The technology utilizes machine learning to analyze genetic markers within urine samples. In a peer-reviewed study focusing on prostate cancer, the liquid biopsy demonstrated a sensitivity of 97.8% [1]. This high level of accuracy suggests the test can effectively identify the presence of the disease in the vast majority of positive cases.

Clinical evaluations are ongoing to refine the tool's efficacy across different cancer types. A Phase 1/2 clinical study is currently evaluating the urine-based multi-cancer early detection assay [2]. These trials are taking place across various sites in the U.S. and Singapore [3].

Further data on the test's real-world application has emerged from large-scale screenings. One population-based prostate cancer screening study included 12,670 participants [4]. Such large cohorts allow researchers to better understand how the test performs across diverse patient demographics and how it identifies more aggressive forms of cancer.

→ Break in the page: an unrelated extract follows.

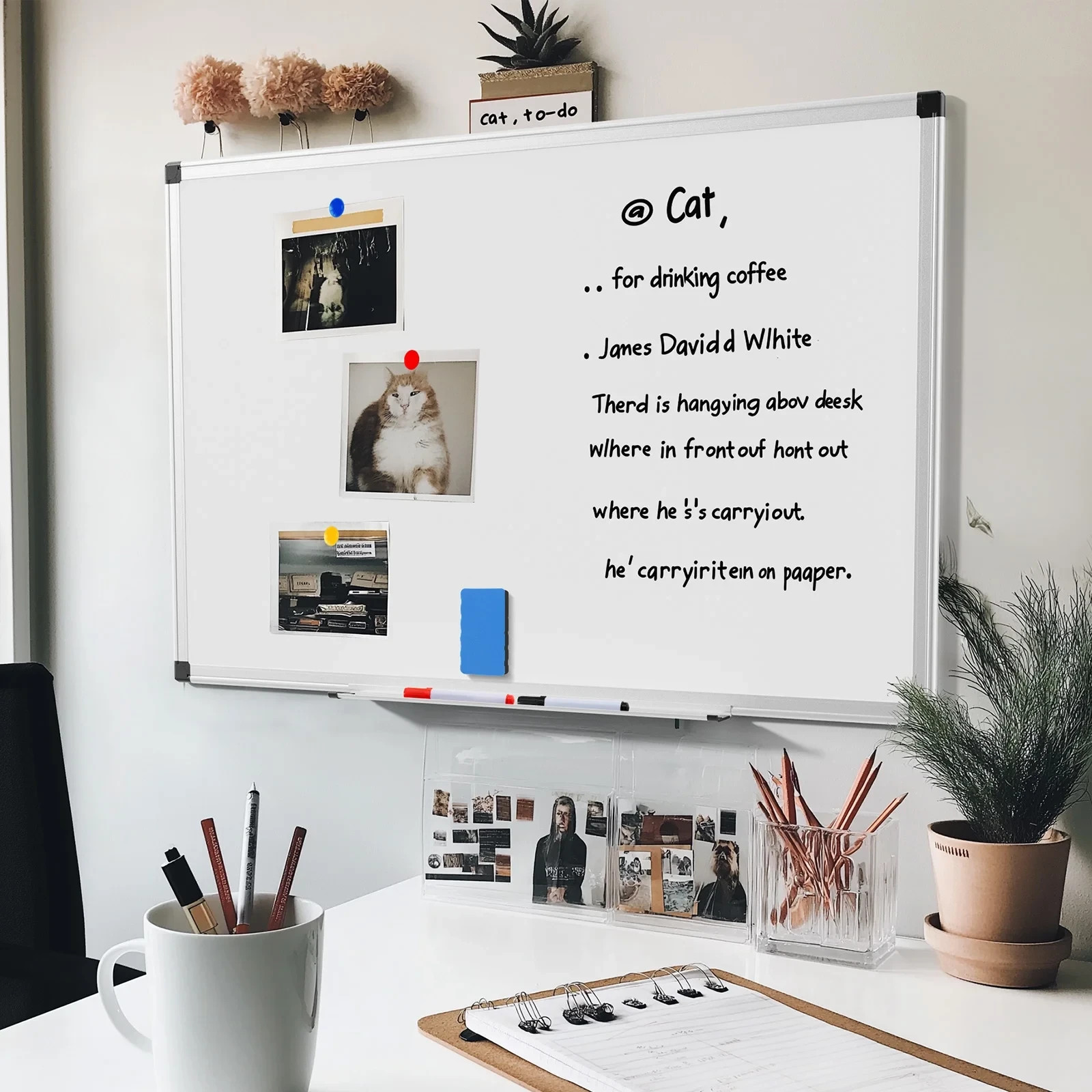 36 X 24 inches Magnetic Dry Erase Board with Aluminum Frame, Whiteboard for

By targeting specific molecular signatures, the biopsy aims to reduce the reliance on more painful diagnostic methods. The goal is to create a streamlined screening process that can be integrated into routine medical check-ups, potentially catching cancers before they reach advanced stages [3].

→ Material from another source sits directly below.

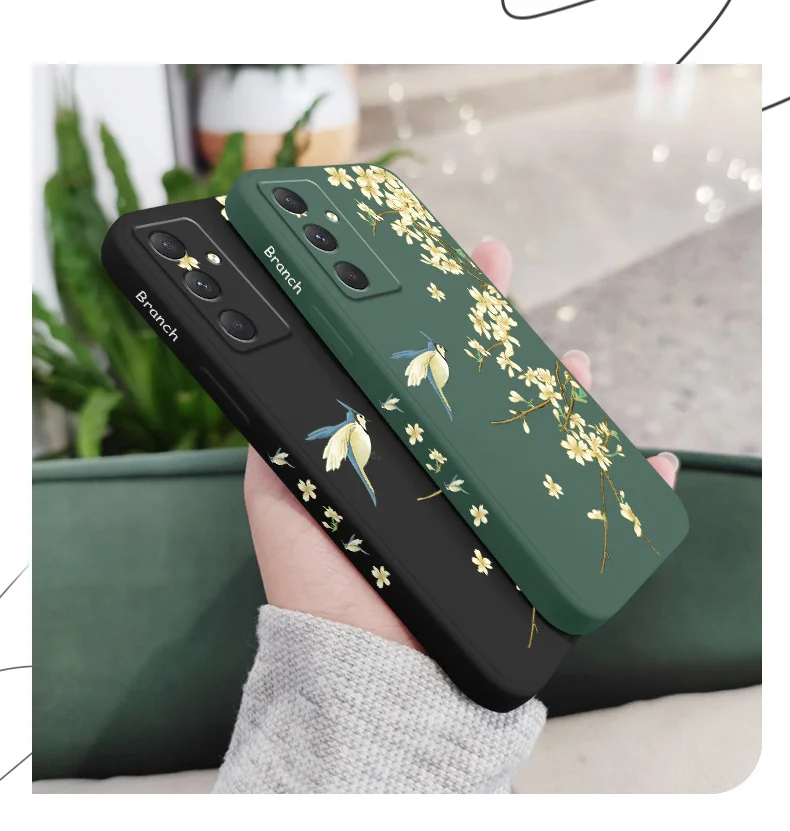 Pflaume Baum Zweig Telefon Fall Für Samsung Galaxy A17 A55 A35 A25 A15 A16 A06 A05 A05S A54 A34 A24 A14 A04 A04S A04E 4G 5G Abdeckung – Detail 5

The liquid biopsy demonstrated a sensitivity of 97.8% [1].

The shift toward liquid biopsies represents a broader trend in oncology to replace surgical tissue sampling with molecular diagnostics. If these results hold across larger Phase 2 and 3 trials, the ability to screen for three different urological cancers with a single urine sample could significantly increase patient compliance and early intervention rates, shifting the diagnostic paradigm from reactive to proactive.